I am trying to load a CSV data set with canova/datavec, and can not find the "idiomatic" way of doing it. I struggle a bit since I feel that there is an evolution of the framework, which makes it difficult for me to determine what is relevant and what is not.
object S extends App{
val recordReader:RecordReader = new CSVRecordReader(0, ",")
recordReader.initialize(new FileSplit(new File("./src/main/resources/CSVdataSet.csv")))
val iter:DataSetIterator = new RecordReaderDataSetIterator(recordReader, 100)
while(iter.hasNext){
println(iter.next())
}
}
I have a csv file that starts with a header description, and thus my output is an exception
(java.lang.NumberFormatException: For input string: "iid":)

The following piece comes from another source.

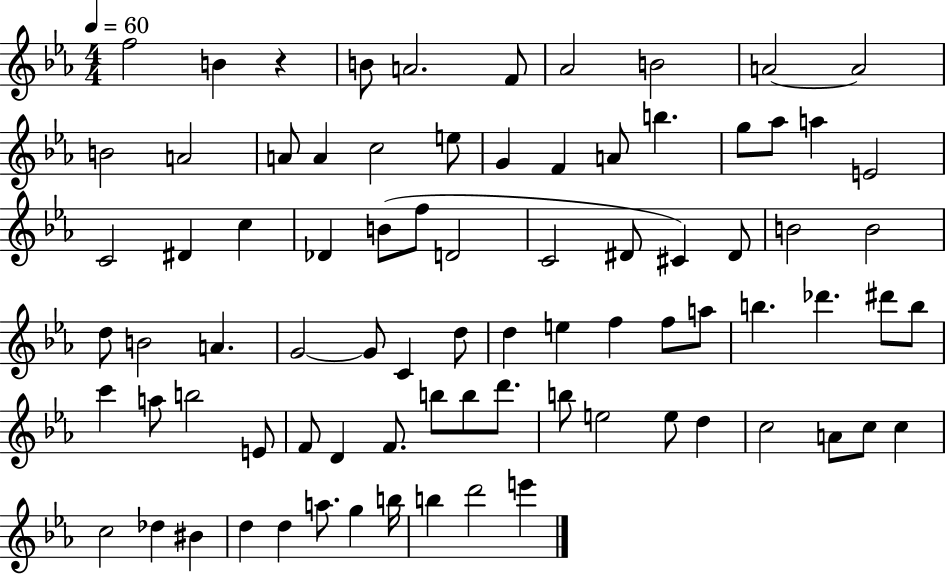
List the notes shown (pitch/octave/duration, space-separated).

I started looking into the schema builder, since I get an exception because of schema/the header. So I was thinking to add a schema like this;
val schema = new Schema.Builder()
.addColumnInteger("iid")
.build()
From my point of view, the noob-view, the BasicDataVec-examples are not completely clear because they link it to spark etc. From the IrisAnalysisExample (https://github.com/deeplearning4j/dl4j-examples/blob/master/datavec-examples/src/main/java/org/datavec/transform/analysis/IrisAnalysis.java). I assume that the file content is first read into JavaRDD (potentially a Stream) and then treated afterwards. The schema is not used except for the DataAnalysis.

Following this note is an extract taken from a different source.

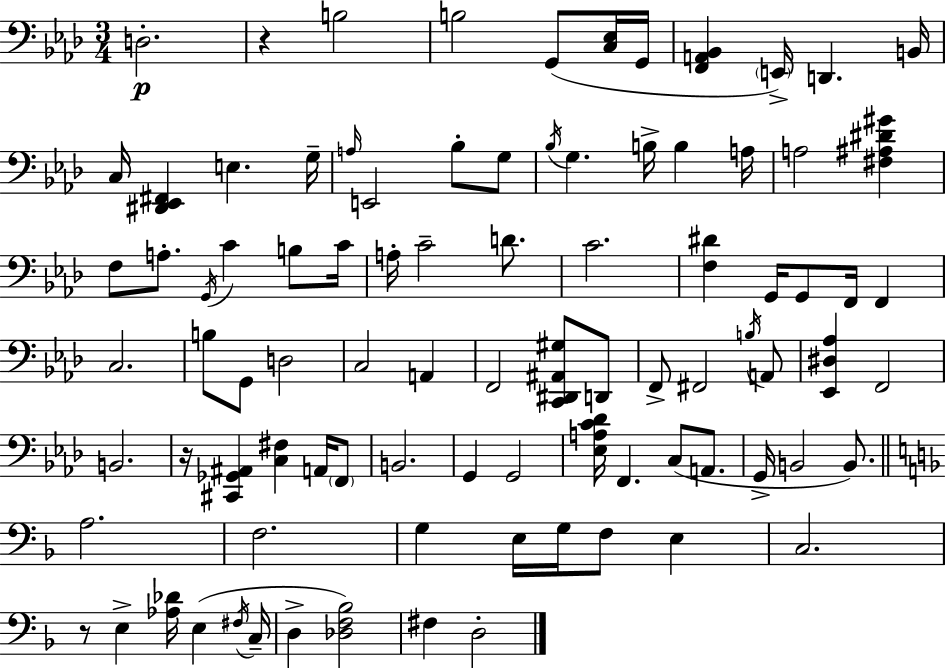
D3/h. R/q B3/h B3/h G2/e [C3,Eb3]/s G2/s [F2,A2,Bb2]/q E2/s D2/q. B2/s C3/s [D#2,Eb2,F#2]/q E3/q. G3/s A3/s E2/h Bb3/e G3/e Bb3/s G3/q. B3/s B3/q A3/s A3/h [F#3,A#3,D#4,G#4]/q F3/e A3/e. G2/s C4/q B3/e C4/s A3/s C4/h D4/e. C4/h. [F3,D#4]/q G2/s G2/e F2/s F2/q C3/h. B3/e G2/e D3/h C3/h A2/q F2/h [C2,D#2,A#2,G#3]/e D2/e F2/e F#2/h B3/s A2/e [Eb2,D#3,Ab3]/q F2/h B2/h. R/s [C#2,Gb2,A#2]/q [C3,F#3]/q A2/s F2/e B2/h. G2/q G2/h [Eb3,A3,C4,Db4]/s F2/q. C3/e A2/e. G2/s B2/h B2/e. A3/h. F3/h. G3/q E3/s G3/s F3/e E3/q C3/h. R/e E3/q [Ab3,Db4]/s E3/q F#3/s C3/s D3/q [Db3,F3,Bb3]/h F#3/q D3/h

So, could someone help with making me understand how I parse (as a stream or iterator, a CSV-file with a header description as the first line?
I understand from their book (Deep learning:A practitioners Approach) that spark is needed for data transformation (which a schema is used for). I thus rewrote my code to;
object S extends App{
val schema: Schema = new Schema.Builder()
.addColumnInteger("iid")
.build
val recordReader = new CSVRecordReader(0, ",")

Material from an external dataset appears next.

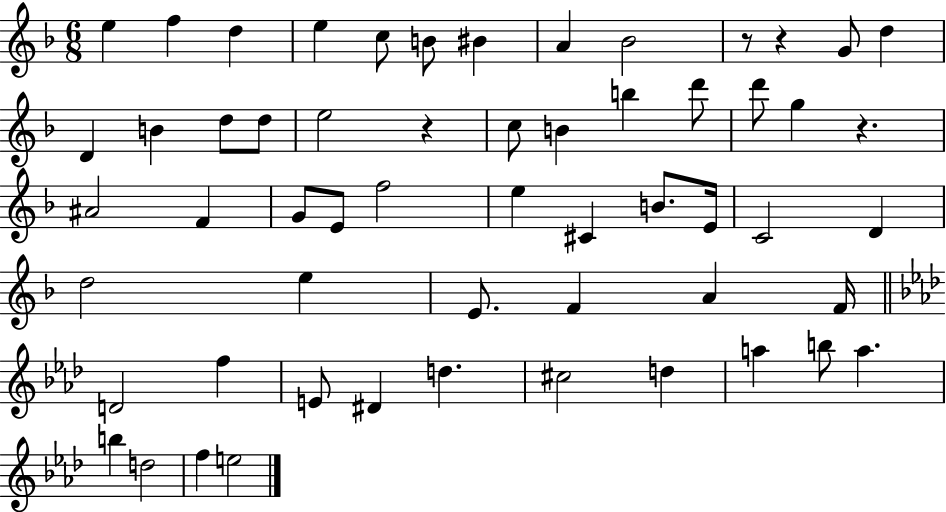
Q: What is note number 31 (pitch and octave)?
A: E4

val f = new File("./src/main/resources/CSVdataSet.csv")
recordReader.initialize(new FileSplit(f))
val sparkConf:SparkConf = new SparkConf()
sparkConf.setMaster("local[*]");
sparkConf.setAppName("DataVec Example");
val sc:JavaSparkContext = new JavaSparkContext(sparkConf)
val lines = sc.textFile(f.getAbsolutePath);
val examples = lines.map(new StringToWritablesFunction(new CSVRecordReader()))
val process = new TransformProcess.Builder(schema).build()
val executor = new SparkTransformExecutor()
val processed = executor.execute(examples, process)
println(processed.first())
}
I thought now that the schema would dictate that I only would have the iid-column, but the output is:
[iid, id, gender, idg, .....]